◆ PROBLEM TO SOLVE ◆
Every line from the beginning of the data through the line containing "52b835df 2291 4533" should be reproduced exactly, and no further lines should be output.

*** Opening SUPPLIED RECORDS ***

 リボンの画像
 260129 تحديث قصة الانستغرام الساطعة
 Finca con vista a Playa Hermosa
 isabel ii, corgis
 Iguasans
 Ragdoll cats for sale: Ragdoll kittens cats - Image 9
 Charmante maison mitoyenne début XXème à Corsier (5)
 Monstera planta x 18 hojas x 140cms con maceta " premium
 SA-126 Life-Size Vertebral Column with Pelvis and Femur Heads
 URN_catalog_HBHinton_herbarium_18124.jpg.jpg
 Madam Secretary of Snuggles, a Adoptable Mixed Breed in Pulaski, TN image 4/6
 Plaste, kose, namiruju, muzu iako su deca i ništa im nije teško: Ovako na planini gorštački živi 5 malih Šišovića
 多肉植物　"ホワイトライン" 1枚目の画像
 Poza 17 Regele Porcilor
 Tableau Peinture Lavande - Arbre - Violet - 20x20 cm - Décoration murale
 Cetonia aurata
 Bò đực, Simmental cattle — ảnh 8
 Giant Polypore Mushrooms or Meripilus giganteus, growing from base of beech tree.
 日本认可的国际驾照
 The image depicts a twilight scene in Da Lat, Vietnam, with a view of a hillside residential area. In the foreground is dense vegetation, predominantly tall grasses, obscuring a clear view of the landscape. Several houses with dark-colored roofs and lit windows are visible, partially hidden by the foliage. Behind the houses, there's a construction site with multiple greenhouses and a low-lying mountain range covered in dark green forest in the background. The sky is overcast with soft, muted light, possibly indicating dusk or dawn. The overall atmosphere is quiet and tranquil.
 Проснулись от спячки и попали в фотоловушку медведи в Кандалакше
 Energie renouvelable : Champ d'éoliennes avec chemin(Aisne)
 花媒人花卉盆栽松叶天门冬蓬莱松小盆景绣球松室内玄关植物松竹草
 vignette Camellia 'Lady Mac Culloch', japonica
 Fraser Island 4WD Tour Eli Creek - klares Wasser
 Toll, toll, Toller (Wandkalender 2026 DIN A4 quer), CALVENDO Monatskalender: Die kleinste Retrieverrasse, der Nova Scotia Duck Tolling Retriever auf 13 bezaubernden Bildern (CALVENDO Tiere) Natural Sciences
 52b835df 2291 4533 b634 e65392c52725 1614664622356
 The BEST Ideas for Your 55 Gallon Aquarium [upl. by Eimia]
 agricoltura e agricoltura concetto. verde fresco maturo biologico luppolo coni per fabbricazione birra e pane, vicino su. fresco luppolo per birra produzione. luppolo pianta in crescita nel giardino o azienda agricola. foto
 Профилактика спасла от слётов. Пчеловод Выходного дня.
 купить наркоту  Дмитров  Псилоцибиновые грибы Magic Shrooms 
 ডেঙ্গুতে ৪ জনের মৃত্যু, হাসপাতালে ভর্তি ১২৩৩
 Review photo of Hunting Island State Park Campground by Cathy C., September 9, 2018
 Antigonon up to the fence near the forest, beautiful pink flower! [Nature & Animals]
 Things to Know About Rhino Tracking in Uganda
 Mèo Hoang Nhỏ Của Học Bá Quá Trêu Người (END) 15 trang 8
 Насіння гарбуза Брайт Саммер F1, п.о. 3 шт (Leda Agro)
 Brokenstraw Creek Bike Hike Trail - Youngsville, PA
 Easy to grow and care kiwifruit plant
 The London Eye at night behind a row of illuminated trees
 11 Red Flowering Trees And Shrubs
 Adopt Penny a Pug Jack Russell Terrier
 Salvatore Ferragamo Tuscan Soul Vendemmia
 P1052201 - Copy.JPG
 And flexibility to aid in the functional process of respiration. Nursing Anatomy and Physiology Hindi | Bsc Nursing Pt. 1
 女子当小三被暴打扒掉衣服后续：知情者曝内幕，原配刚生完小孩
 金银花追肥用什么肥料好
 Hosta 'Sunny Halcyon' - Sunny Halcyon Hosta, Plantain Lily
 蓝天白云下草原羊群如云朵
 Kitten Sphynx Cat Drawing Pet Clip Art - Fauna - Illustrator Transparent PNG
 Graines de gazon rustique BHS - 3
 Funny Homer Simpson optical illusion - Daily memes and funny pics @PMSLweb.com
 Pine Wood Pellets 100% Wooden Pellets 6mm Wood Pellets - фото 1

*** Closing SUPPLIED RECORDS ***

◆ EXERCISE OUTPUT ◆
 リボンの画像
 260129 تحديث قصة الانستغرام الساطعة
 Finca con vista a Playa Hermosa
 isabel ii, corgis
 Iguasans
 Ragdoll cats for sale: Ragdoll kittens cats - Image 9
 Charmante maison mitoyenne début XXème à Corsier (5)
 Monstera planta x 18 hojas x 140cms con maceta " premium
 SA-126 Life-Size Vertebral Column with Pelvis and Femur Heads
 URN_catalog_HBHinton_herbarium_18124.jpg.jpg
 Madam Secretary of Snuggles, a Adoptable Mixed Breed in Pulaski, TN image 4/6
 Plaste, kose, namiruju, muzu iako su deca i ništa im nije teško: Ovako na planini gorštački živi 5 malih Šišovića
 多肉植物　"ホワイトライン" 1枚目の画像
 Poza 17 Regele Porcilor
 Tableau Peinture Lavande - Arbre - Violet - 20x20 cm - Décoration murale
 Cetonia aurata
 Bò đực, Simmental cattle — ảnh 8
 Giant Polypore Mushrooms or Meripilus giganteus, growing from base of beech tree.
 日本认可的国际驾照
 The image depicts a twilight scene in Da Lat, Vietnam, with a view of a hillside residential area. In the foreground is dense vegetation, predominantly tall grasses, obscuring a clear view of the landscape. Several houses with dark-colored roofs and lit windows are visible, partially hidden by the foliage. Behind the houses, there's a construction site with multiple greenhouses and a low-lying mountain range covered in dark green forest in the background. The sky is overcast with soft, muted light, possibly indicating dusk or dawn. The overall atmosphere is quiet and tranquil.
 Проснулись от спячки и попали в фотоловушку медведи в Кандалакше
 Energie renouvelable : Champ d'éoliennes avec chemin(Aisne)
 花媒人花卉盆栽松叶天门冬蓬莱松小盆景绣球松室内玄关植物松竹草
 vignette Camellia 'Lady Mac Culloch', japonica
 Fraser Island 4WD Tour Eli Creek - klares Wasser
 Toll, toll, Toller (Wandkalender 2026 DIN A4 quer), CALVENDO Monatskalender: Die kleinste Retrieverrasse, der Nova Scotia Duck Tolling Retriever auf 13 bezaubernden Bildern (CALVENDO Tiere) Natural Sciences
 52b835df 2291 4533 b634 e65392c52725 1614664622356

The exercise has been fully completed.